SUPPLIED DATA section start
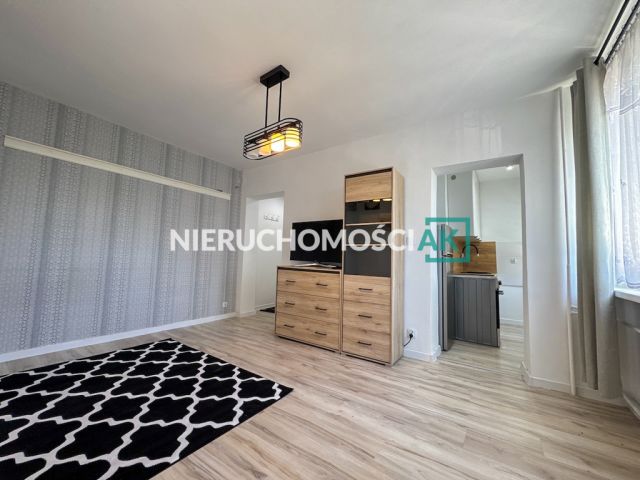 Mieszkanie 2-pokojowe Konin, ul. Władysława Broniewskiego. Zdjęcie 8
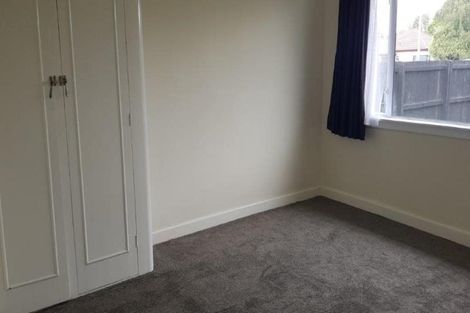 Photo of property in 260 Hills Road, Mairehau, Christchurch, 8013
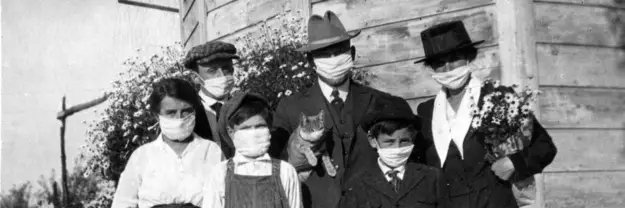 historycoolkids's profile banner image
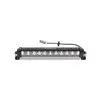12" Led Light Bar 1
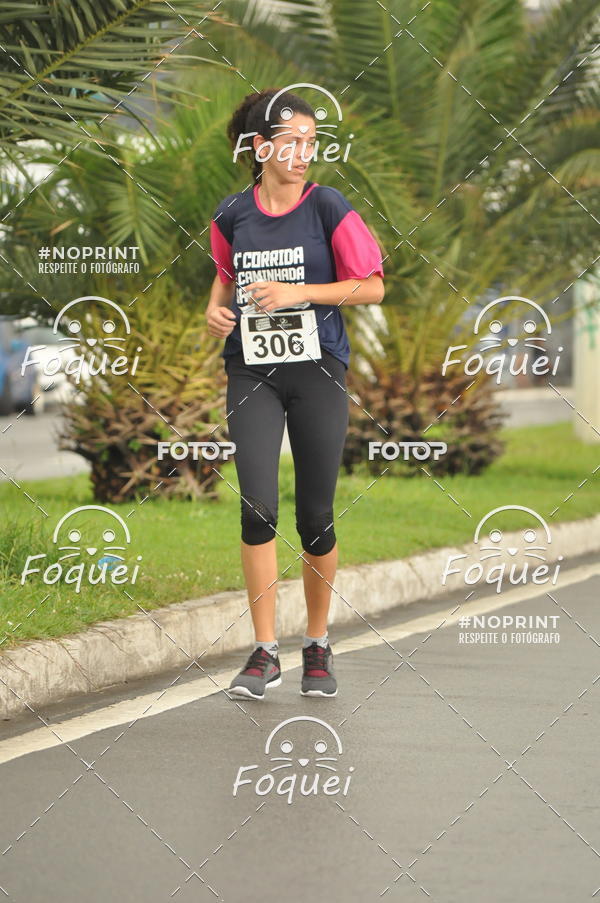 Buy your photos of the event4 Corrida e Caminhada Salesiana on Fotop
SUPPLIED DATA section end
> [YOUR TASK]: Set down all the material exactly once more. No pictures.

> [RESULT OF THIS TASK]:
 Mieszkanie 2-pokojowe Konin, ul. Władysława Broniewskiego. Zdjęcie 8
 Photo of property in 260 Hills Road, Mairehau, Christchurch, 8013
 historycoolkids's profile banner image
12" Led Light Bar 1
 Buy your photos of the event4 Corrida e Caminhada Salesiana on Fotop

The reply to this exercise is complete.